▼▼▼

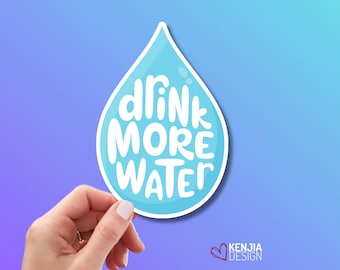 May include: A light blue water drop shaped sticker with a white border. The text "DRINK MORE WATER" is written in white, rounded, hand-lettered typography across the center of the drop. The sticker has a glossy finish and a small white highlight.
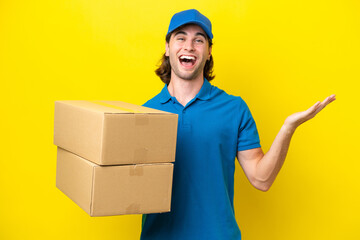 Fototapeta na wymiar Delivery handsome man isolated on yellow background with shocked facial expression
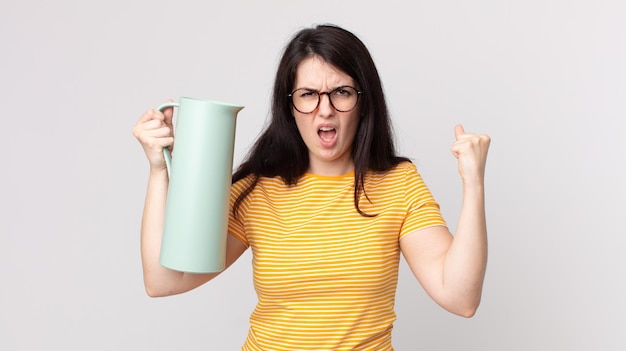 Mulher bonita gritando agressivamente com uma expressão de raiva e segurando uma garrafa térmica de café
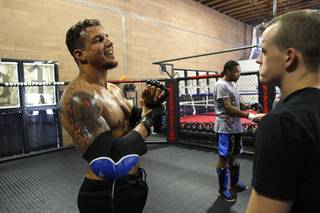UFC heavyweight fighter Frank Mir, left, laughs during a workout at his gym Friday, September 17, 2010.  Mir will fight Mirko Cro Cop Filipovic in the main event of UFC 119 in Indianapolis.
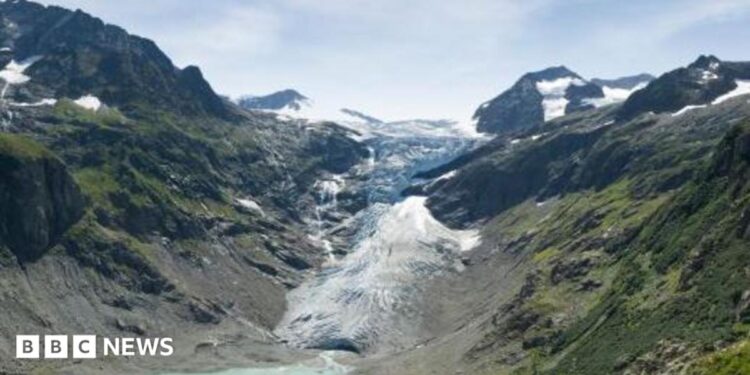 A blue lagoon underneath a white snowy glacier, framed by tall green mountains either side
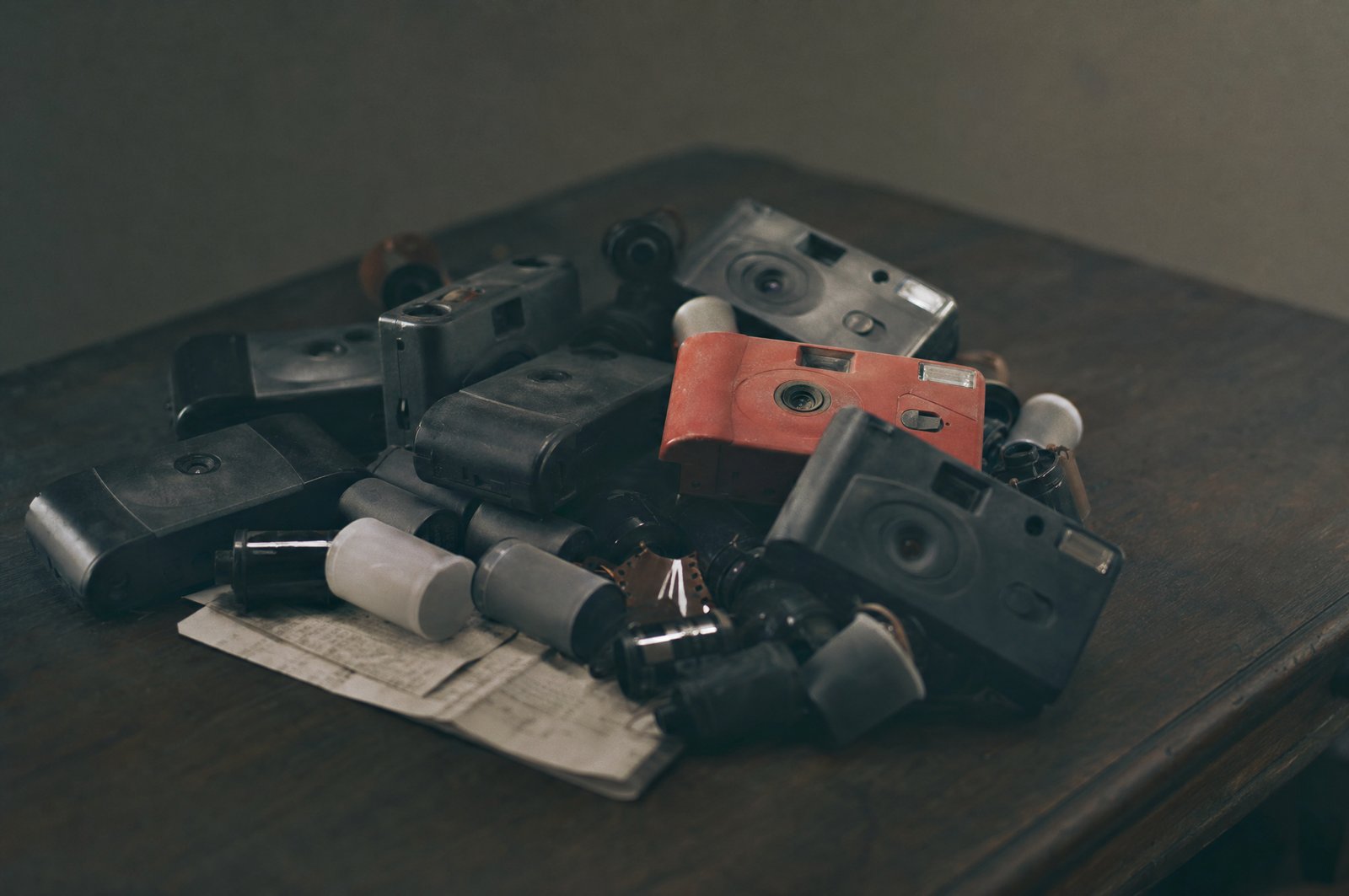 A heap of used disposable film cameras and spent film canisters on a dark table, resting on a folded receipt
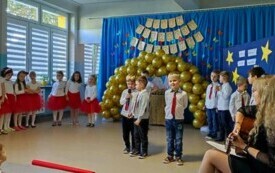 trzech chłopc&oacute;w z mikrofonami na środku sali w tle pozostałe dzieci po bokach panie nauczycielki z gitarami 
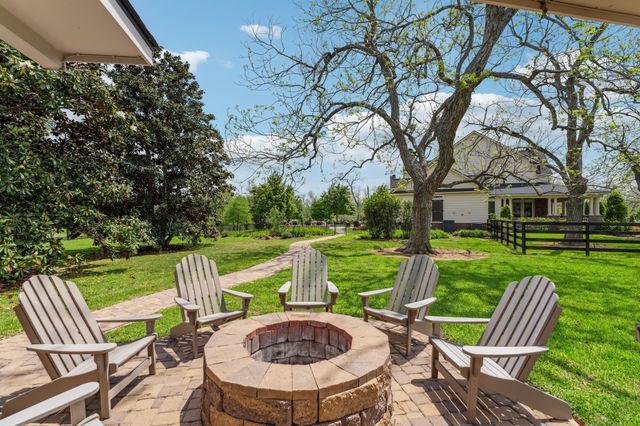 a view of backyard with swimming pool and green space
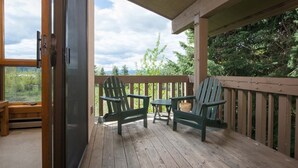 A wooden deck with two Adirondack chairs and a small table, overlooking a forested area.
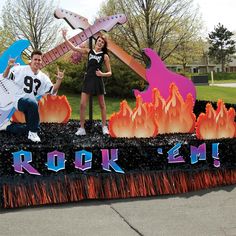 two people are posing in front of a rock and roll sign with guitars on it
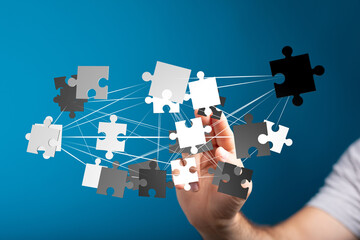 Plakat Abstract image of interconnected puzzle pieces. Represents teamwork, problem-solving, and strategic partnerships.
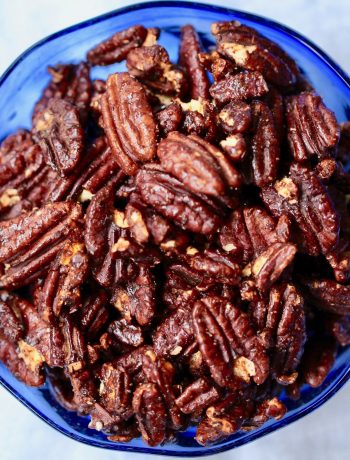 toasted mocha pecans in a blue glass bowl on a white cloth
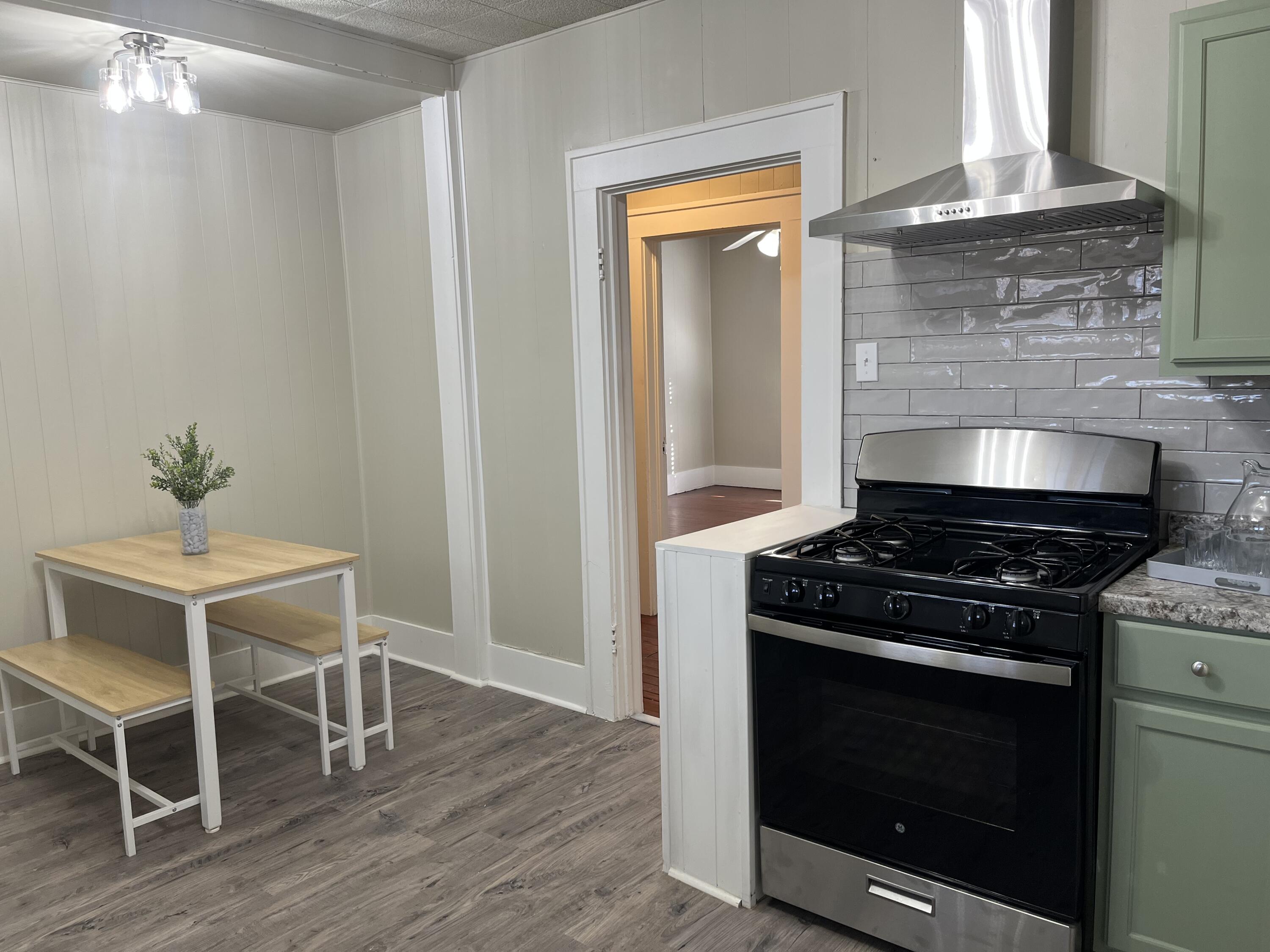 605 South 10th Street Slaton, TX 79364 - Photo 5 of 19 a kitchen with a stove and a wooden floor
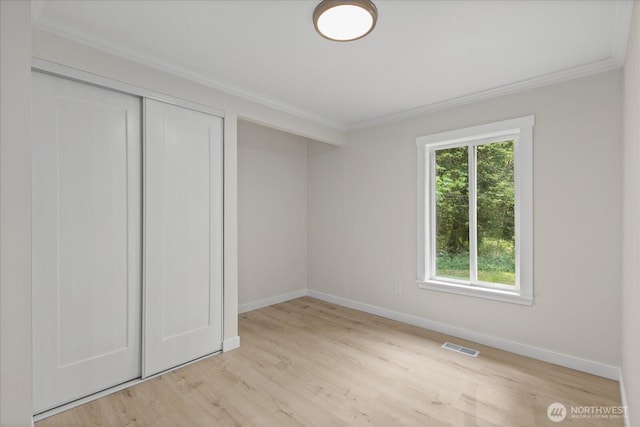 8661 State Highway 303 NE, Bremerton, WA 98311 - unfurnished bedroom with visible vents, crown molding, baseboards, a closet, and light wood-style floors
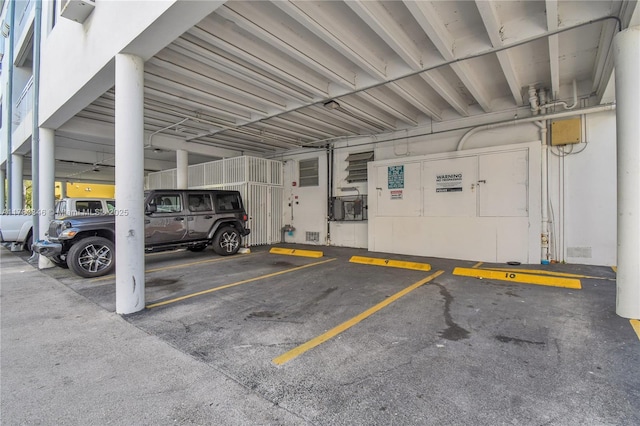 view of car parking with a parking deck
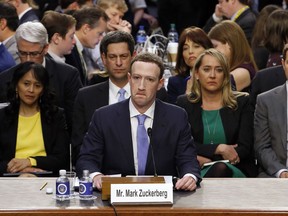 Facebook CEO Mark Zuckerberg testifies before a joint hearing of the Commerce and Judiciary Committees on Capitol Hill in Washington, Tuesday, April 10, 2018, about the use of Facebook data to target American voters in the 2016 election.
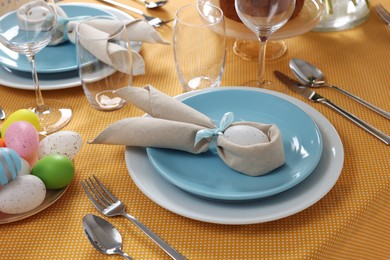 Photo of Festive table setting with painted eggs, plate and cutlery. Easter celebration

▲▲▲

— TASK STATEMENT —
Transcribe the lines above exactly, beginning at the one with "A heap of used" and ending at the one with "605 South 10th". Include both; exclude the pictures.

— TASK RESPONSE —
 A heap of used disposable film cameras and spent film canisters on a dark table, resting on a folded receipt
 trzech chłopc&oacute;w z mikrofonami na środku sali w tle pozostałe dzieci po bokach panie nauczycielki z gitarami 
 a view of backyard with swimming pool and green space
 A wooden deck with two Adirondack chairs and a small table, overlooking a forested area.
 two people are posing in front of a rock and roll sign with guitars on it
 Plakat Abstract image of interconnected puzzle pieces. Represents teamwork, problem-solving, and strategic partnerships.
 toasted mocha pecans in a blue glass bowl on a white cloth
 605 South 10th Street Slaton, TX 79364 - Photo 5 of 19 a kitchen with a stove and a wooden floor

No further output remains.